Em nota oficial, o Ministério do Planejamento esclareceu que os projetos foram resultado de negociações com oito meses de duração, terminaram na assinatura de 32 termos de acordo com as lideranças sindicais e que, para todos eles, já haviam sido assegurados recursos necessários na Lei Orçamentária Anual de 2016. Não faz muito tempo, a mídia monitorava as reuniões dos técnicos do governo Dilma com os interessados, sempre concluídas com desacordos cíclicos, tática do PT para fugir da decisão e rolar a bola em quanto tempo passava.
Presidente interino, Temer não tinha condições de continuar dando voltas e resolveu enfrentar o problema. Estava premido por um cenário político montado pela oposição em forma de armadilha, quando seus líderes tocaram o terror alardeando supostas ameaças de cortes a serem sofridos nos programas sociais, como o popularíssimo Bolsa Família. Temer desarmou a bomba desmentindo a contrainformação em tom determinante.
Veio, então, a tática de jogar os funcionários, de quem toda administração depende para que a rotina da Executivo funcione, contra o governo de três semanas. Bastava imitar Dilma Rousseff e desmontar uma vez mais o pacote de reajustes, coisa que um político com um mínimo de responsabilidade rejeitaria, para comprar outra briga e atrair o bordão “Temer está muito frágil, coitadinho, não sabe governar”. Quanta ingenuidade.

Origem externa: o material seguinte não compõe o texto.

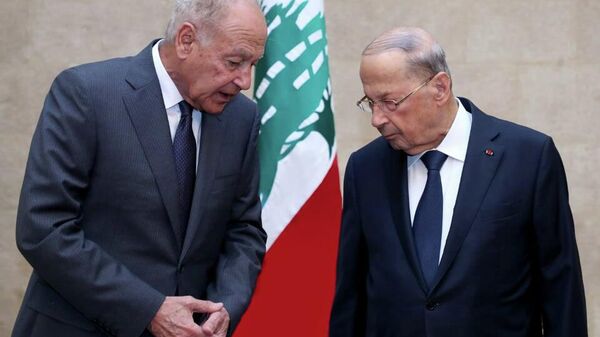 الأمين العام لجامعة الدول العربية أحمد أبو الغيط مع الرئيس اللبناني ميشال عون - سبوتنيك عربي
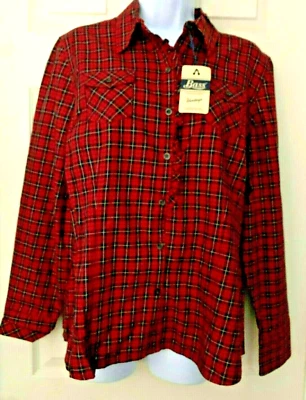 Camisa para mujer Heritage Shirtings by Bass a cuadros con botones talla L Foto 1 de 4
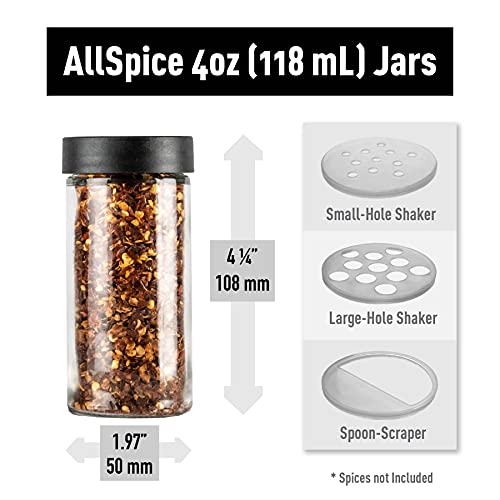 AllSpice 4" Glass Spice Jars 4 fluid ounces- 6 Pack - Image 3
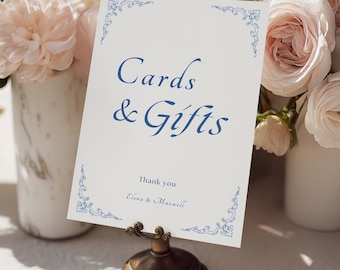 Cards and Gifts Wedding Sign Template, Elegant Blue Rococo Wedding Reception Sign | WD19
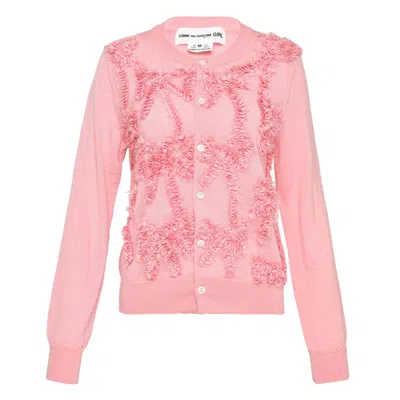 Comme Des Garcons Girl Wool Jersey Ribbon Embroidery Cardigan In Pink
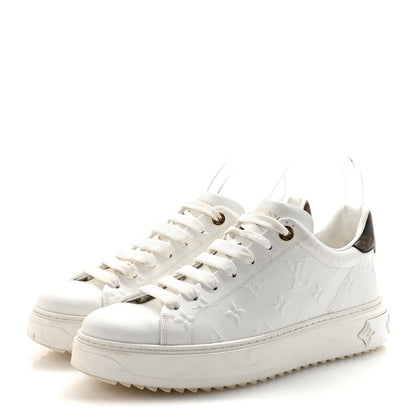 Louis Vuitton Lambskin Embossed Monogram Time Out Sneakers 40 White 4 of 9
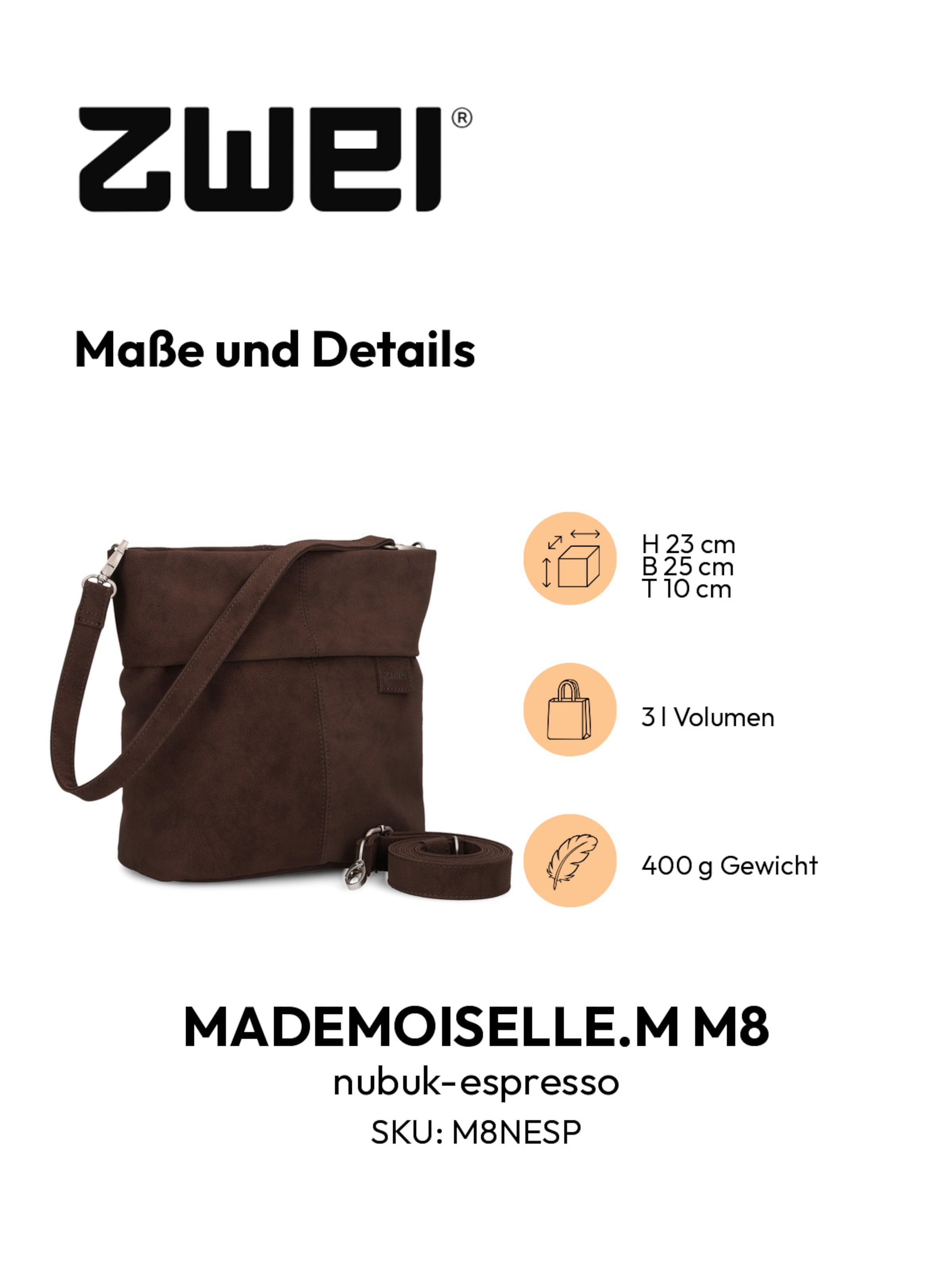 Borsa a mano 'MADEMOISELLE.M M8' di ZWEI in marrone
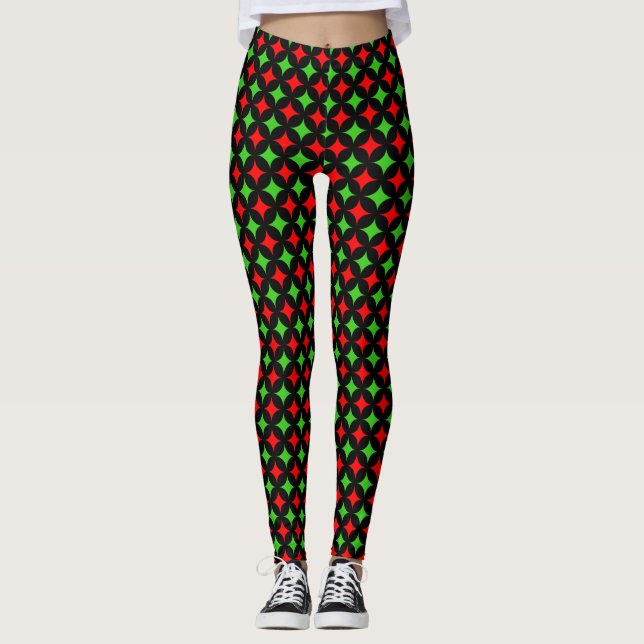 Legging Padrão de estrelas de diamante verde e vermelho em (Frente)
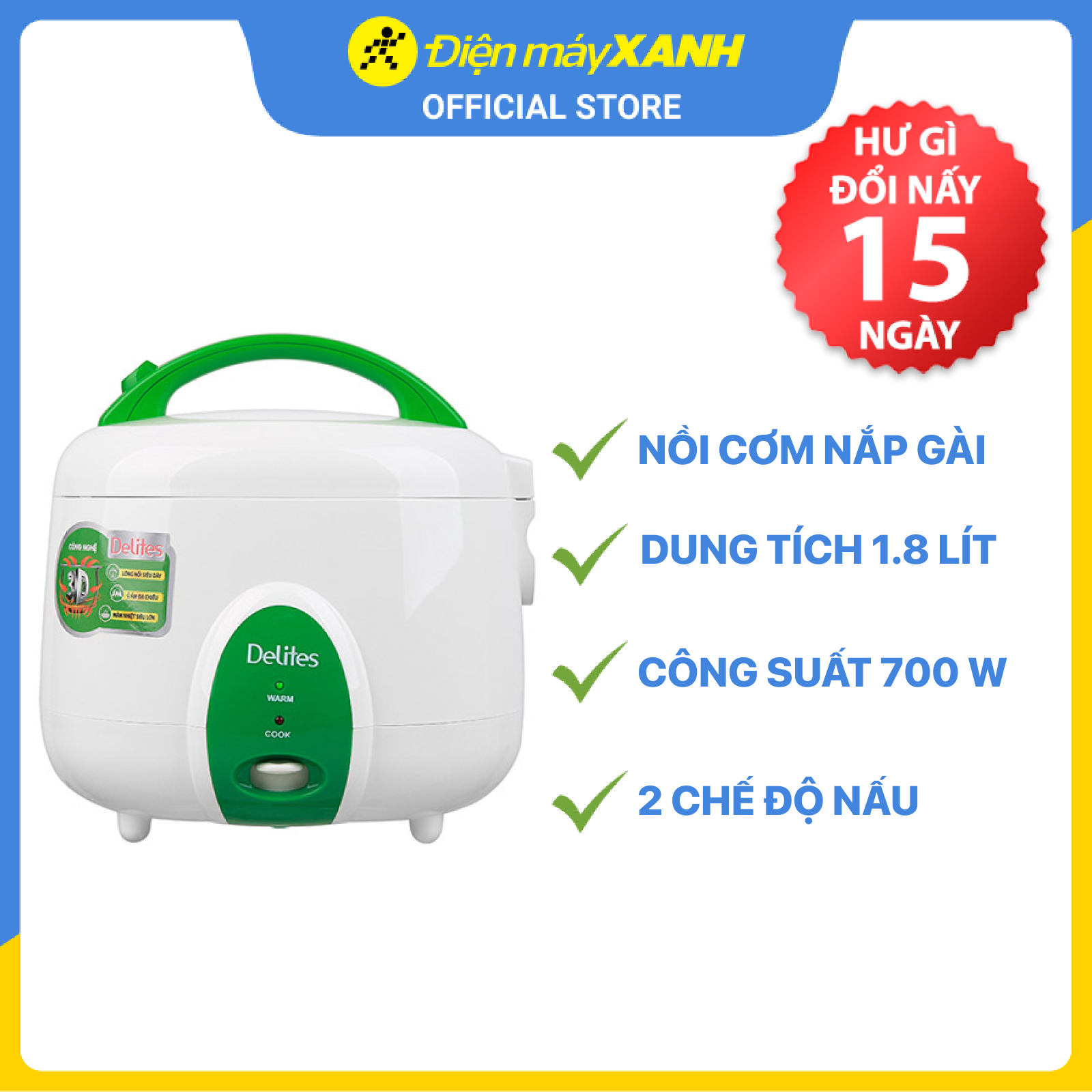 Nồi cơm nắp gài Delites 1.8 lít NCG1010 - Hàng chính hãng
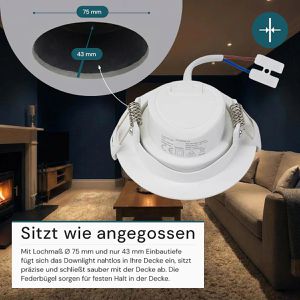 Produktbild für LED-Einbaustrahler Luxula LX300125, warmweiß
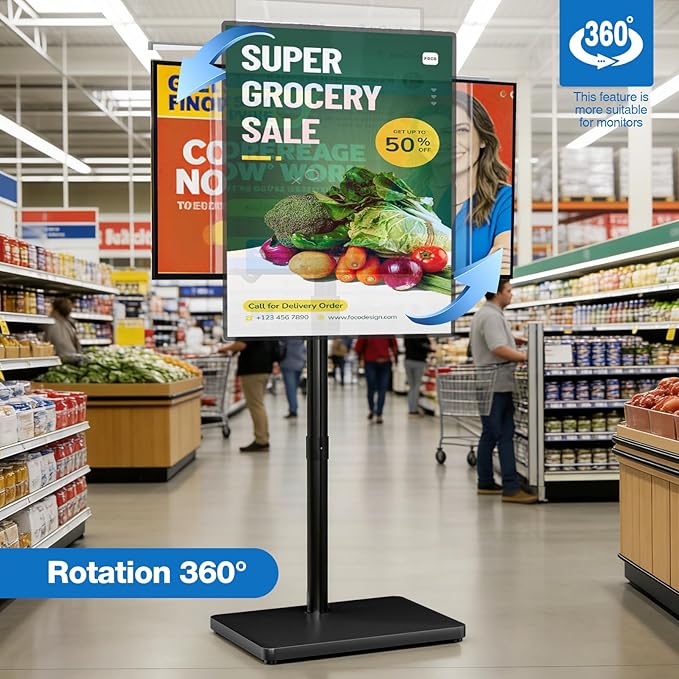 Swivel/Tilt Universal Floor TV Stand with Mount for 13-55 Inch TVs or Monitors, Height Adjustable Tall TV Stand with Sturdy Wooden Base Hold up to 77 lbs, Max VESA 400x400mm, Black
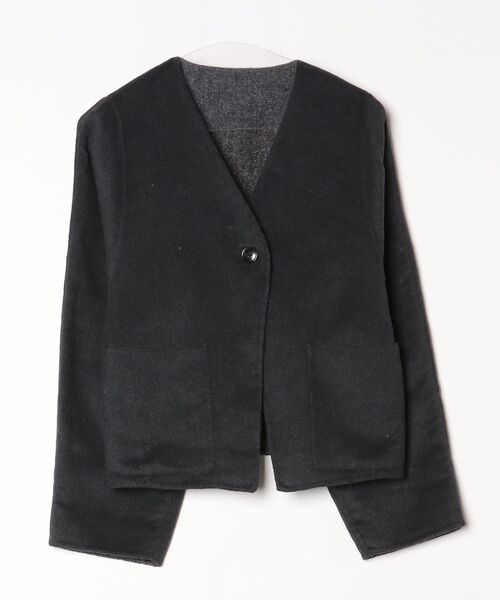 UNITED ARROWS ダークグレー ノーカラージャケット MARW UNITED ARROWS（マルゥ ユナイテッドアローズ） ノーカラー
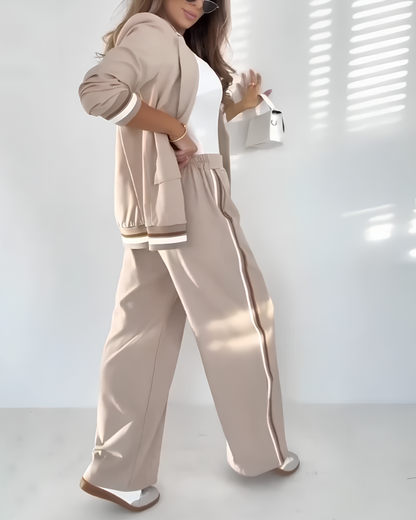 Conjunto Elegante de Blazer y Pantalón Palazzo en Beige Estilo Sofisticado y Moderno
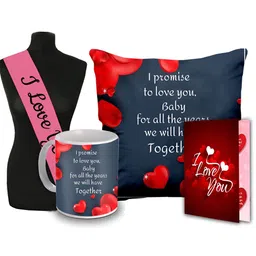 ME & YOU Grey & Red 4 Pieces I Love You Sashe With Coffee & Mug Home Gift Set-picture-4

A diferença é que, apesar da conta alta, hoje a agenda legislativa anda, abrindo caminho para a virada na política e na economia – a meta fiscal expandida foi aprovada, eliminando uma fonte permanente de conflito com o Congresso; e a DRU (Desvinculação de Receitas da União) passou em votação em primeiro turno, ambas com apoio confortável, sem margem para especulações, sem manchetes sobre batidas de cabeça. No passado não havia política, só pauta-bomba.